Sind wir denn generell mit diesen Zertifikaten auf einem guten Weg?
Gesamtwirtschaftlich gesehen besteht noch Regulierungsbedarf. Der Verkehrssektor ist zum Beispiel in dem Handelssystem kaum berücksichtigt und auch nicht alle Industriebranchen. Das sorgt dafür, dass das System letztendlich nur 40 Prozent der Treibhausgase umfasst, und die Kompensation der Emissionen nicht realistisch abgedeckt ist. Das ist zu wenig, um die Klimaziele zu erreichen! Deshalb können wir uns meiner Meinung nach auch nicht darauf verlassen, dass wir auf EU-Ebene kurzfristig neue Ziele und Lösungen finden. Das dauert einfach viel zu lange, weil sich die EU uneinig ist. Klar ist es wichtig, das Thema gemeinsam anzugehen, aber das heißt, wir verschieben wichtige Pläne auf die ferne Zukunft. Deutschland könnte und müsste als Industrienation mit Blick auf die Energiewende vorangehen und zum Beispiel eine CO2-Steuer einführen.

 

Ein sehr aktuelles Thema – wird das bei Ihnen in der Lehre auch besprochen?

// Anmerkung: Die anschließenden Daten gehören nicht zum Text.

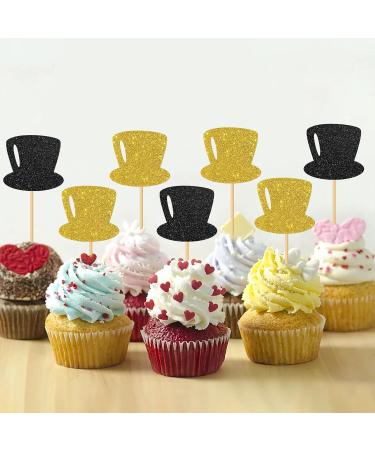 MonMon & Craft Top Hats Cupcake Toppers - Funny Birthday Cupcake Toppers - Magic Theme Baby Shower Wedding Party Cupcake Decorations - Boys Men Birthday Cupcake Toppers Black Gold Glitter 24 Pcs - Buy Online on GoSupps.com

Ja, in unserem Modul „Nachhaltiges Wirtschaften“ diskutieren wir viel mit den Studierenden. Vor zehn Jahren war die Resonanz auf Nachhaltigkeit als Thema in der Wirtschaft ziemlich mau, das nimmt jetzt zu. Wir besprechen zum Beispiel verschiedene Instrumente zur Reduktion des CO2-Verbrauchs und Ideen, wie und ob die Wirtschaft wachsen kann, aber trotzdem weniger fossile Energieträger verbraucht und so CO2 einspart. Bislang ist es nämlich immer so gewesen: Wenn die Wirtschaft wächst, steigt der CO2-Ausstoß, technischer Fortschritt konnte diesen Zusammenhang bisher nicht umkehren. Das ist ein Problem für unseren Planeten, und dem müssen wir uns stellen – für die gute Sache!